In October, Vodafone paid $41 million for fixed-line operator ihug, transforming itself from a mobile-only company to an operator with the potential to offer fixed line and broadband services as well. The company is also planning to attack Telecom's fixed-line calling market with the launch of a cellphone that can operate like a landline home phone.

Telecom consumer affairs head Kevin Bowler said Vodafone's claim that customers were taking to video calling in staggering numbers was "desperate - Vodafone are desperately clambering to find ways to differentiate themselves.

"We are talking about the 12th biggest company on the planet, they are 100 times bigger than our mobile business and yet we are beating them," said Bowler.

Video calling was not an economically viable technology, he said. It had been an "absolute disaster".

"It costs many more times to run it then a voice call, and Vodafone are giving it away at the price of a voice call."

He said customers did not really use it much and it was a frustrating means of mobile communication. "It means you have to be on speaker phone, so you have to be somewhere private, you can't quite see what image the person is seeing and the quality across mobile is barely adequate."

Bowler rejected predictions that the youth market, which used dual handsets, would abandon Telecom plans in favour of Vodafone.

Telecom has over 200,000 customers signed to its Boost Monster Plan that offered 1000 texts for $10, he said. But customers had to commit with a $10 subscription a month to Vodafone's Text2000 plan, and pay 20c for every text beyond the limit.

"If you don't top up every three months you lose your credit balance, we don't do that on any of our plans ...

"Kids want flexibility, they don't want to commit," said Bowler.

IDC telecommunications analyst Chris Loh says video callling is just one of a host of services - such as live TV, music downloads and internet communication - that telcos around the world are offering to attract customers and increase average revenue per user.
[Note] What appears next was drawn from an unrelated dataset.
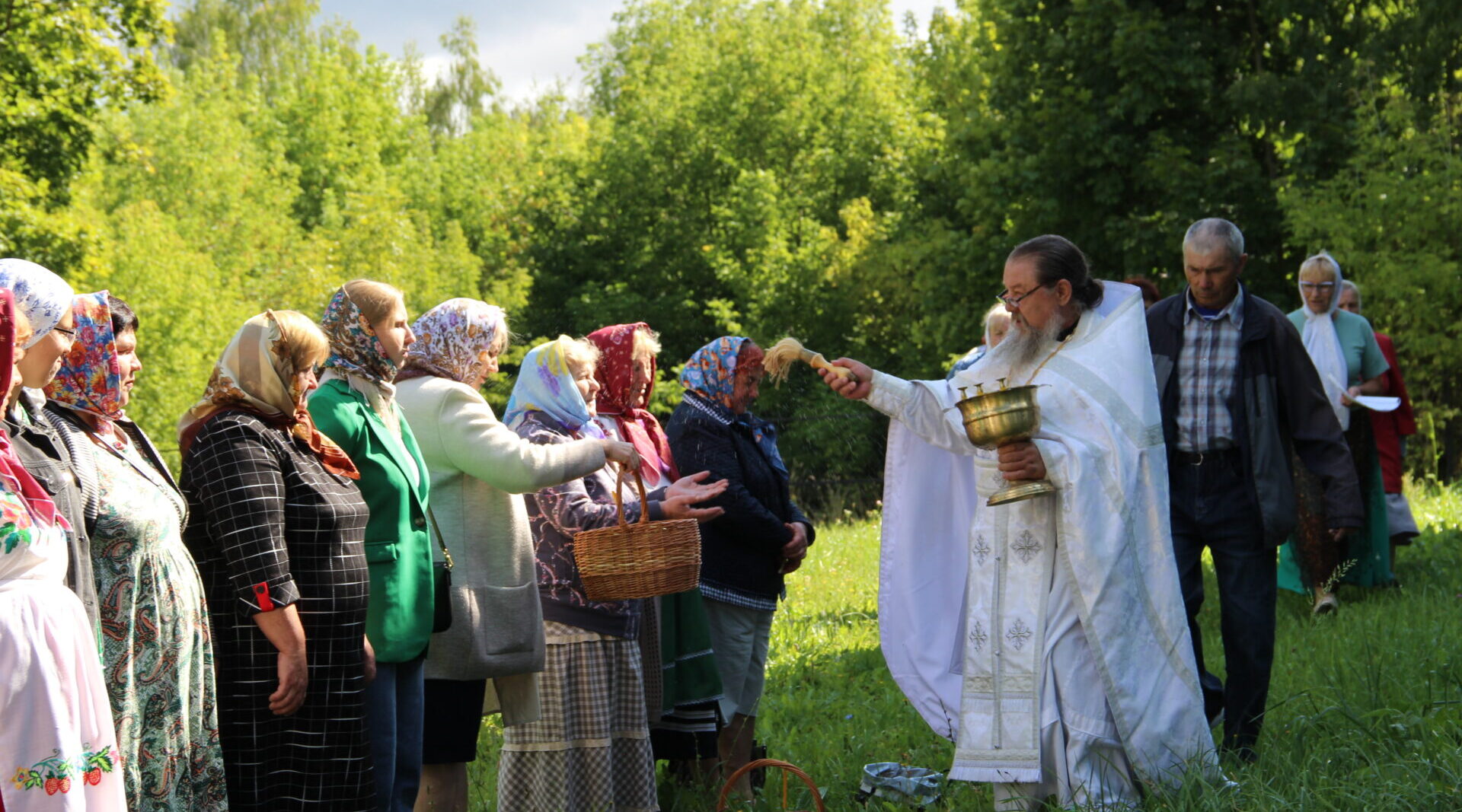 В Колюдах брянской Красногорщины прошёл обрядовый праздник «Яблочный Спас»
"We're really just seeing the thin edge of the wedge of a massive proliferation of these services," he said.

Also, in April next year number portability comes into force - which will allow mobile phone users to keep their own phone numbers when they change phone companies.

Loh says Telecom and Vodafone are both trying to put together more compelling services and deals in an attempt to hold on to their customers after it becomes more convenient to change phone companies.

See it in

* 3G Vodafone purchased BellSouth in 1998 with 138,000 customers.

* It introduced texting to the New Zealand market for the first time.

* It now has about 2.1 million mobile customers and a market share of 55 per cent.

* It launched its 3G network in August 2005, which offers video telephony, music downloads and TV downloads.

* Vodafone has lost some of its market share back to Telecom because of successful marketing campaigns by Telecom.

* The 3G network is the only one in New Zealand capable of video-calling and will potentially attract more customers back to Vodafone.